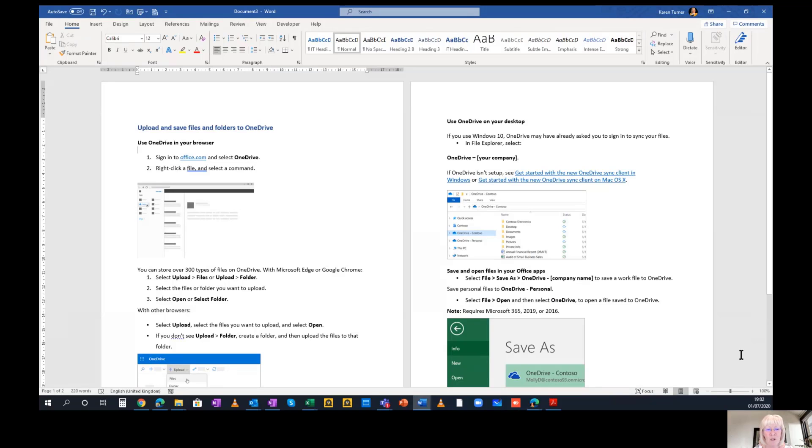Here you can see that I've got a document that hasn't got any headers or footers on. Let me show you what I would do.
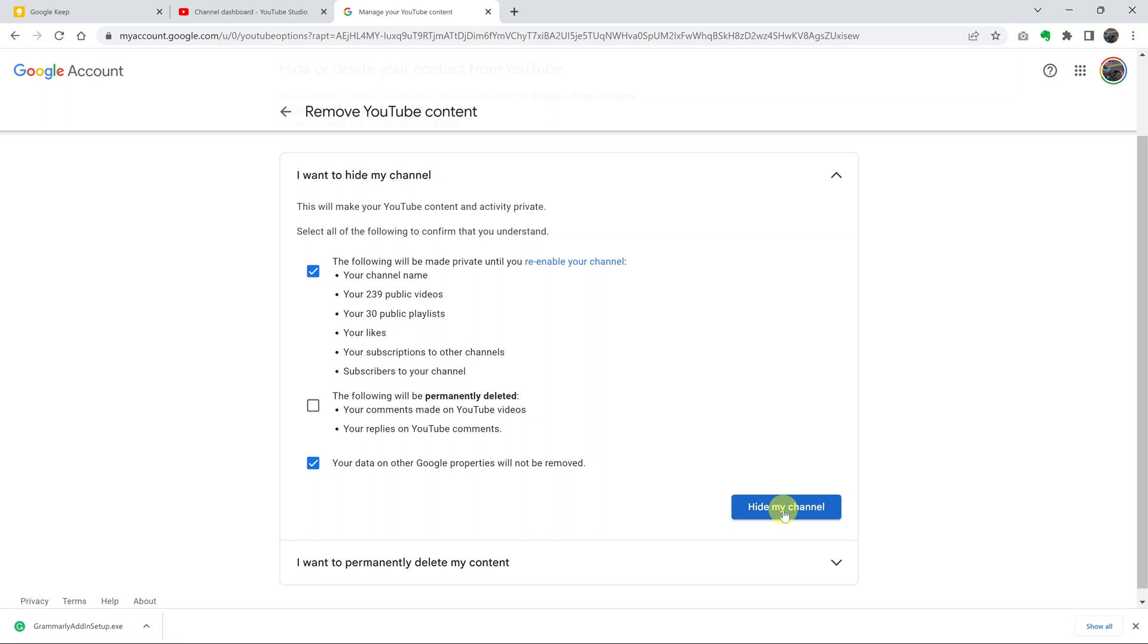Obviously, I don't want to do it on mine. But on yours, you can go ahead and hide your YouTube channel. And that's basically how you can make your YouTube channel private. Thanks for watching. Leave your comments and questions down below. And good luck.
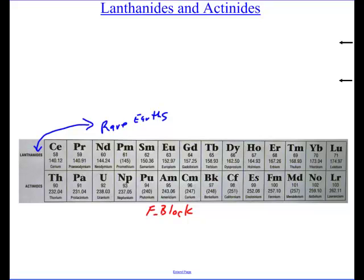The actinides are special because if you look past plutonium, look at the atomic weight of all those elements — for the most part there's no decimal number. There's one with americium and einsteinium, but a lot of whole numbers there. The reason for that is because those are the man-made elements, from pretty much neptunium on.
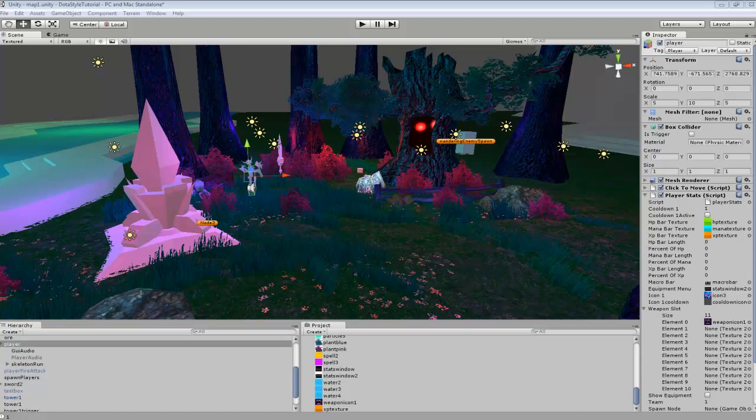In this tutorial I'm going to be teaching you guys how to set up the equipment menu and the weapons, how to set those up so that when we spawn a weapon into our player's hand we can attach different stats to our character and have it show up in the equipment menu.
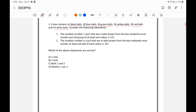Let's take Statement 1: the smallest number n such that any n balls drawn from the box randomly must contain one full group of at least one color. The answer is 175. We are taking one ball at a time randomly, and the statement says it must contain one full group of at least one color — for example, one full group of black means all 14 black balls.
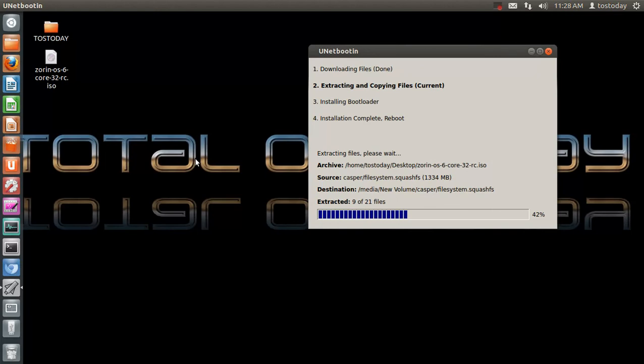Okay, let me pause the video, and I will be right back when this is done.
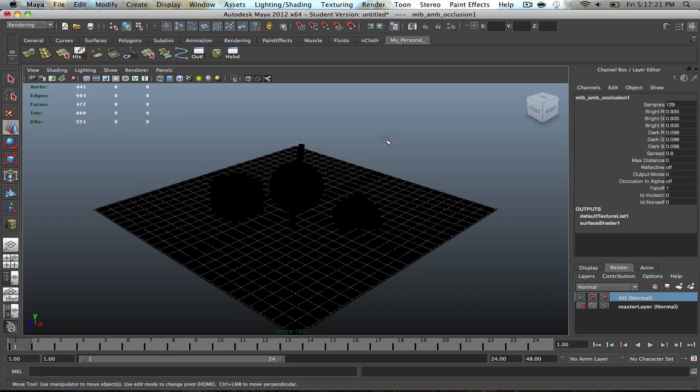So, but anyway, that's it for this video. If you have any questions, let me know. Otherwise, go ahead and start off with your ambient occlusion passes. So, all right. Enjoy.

==

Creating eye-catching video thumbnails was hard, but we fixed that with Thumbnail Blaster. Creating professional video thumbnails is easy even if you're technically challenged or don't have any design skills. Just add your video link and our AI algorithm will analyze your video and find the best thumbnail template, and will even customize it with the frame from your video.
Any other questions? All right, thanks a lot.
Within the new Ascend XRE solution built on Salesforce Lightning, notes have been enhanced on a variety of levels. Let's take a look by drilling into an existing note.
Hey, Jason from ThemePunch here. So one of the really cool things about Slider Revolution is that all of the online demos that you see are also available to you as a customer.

• _Exercise goal_
Send back an exact copy of only the lines from the line with "Within the new" up to and including the line with "Hey, Jason from" in the data above.

• _The answer_
Within the new Ascend XRE solution built on Salesforce Lightning, notes have been enhanced on a variety of levels. Let's take a look by drilling into an existing note.
Hey, Jason from ThemePunch here. So one of the really cool things about Slider Revolution is that all of the online demos that you see are also available to you as a customer.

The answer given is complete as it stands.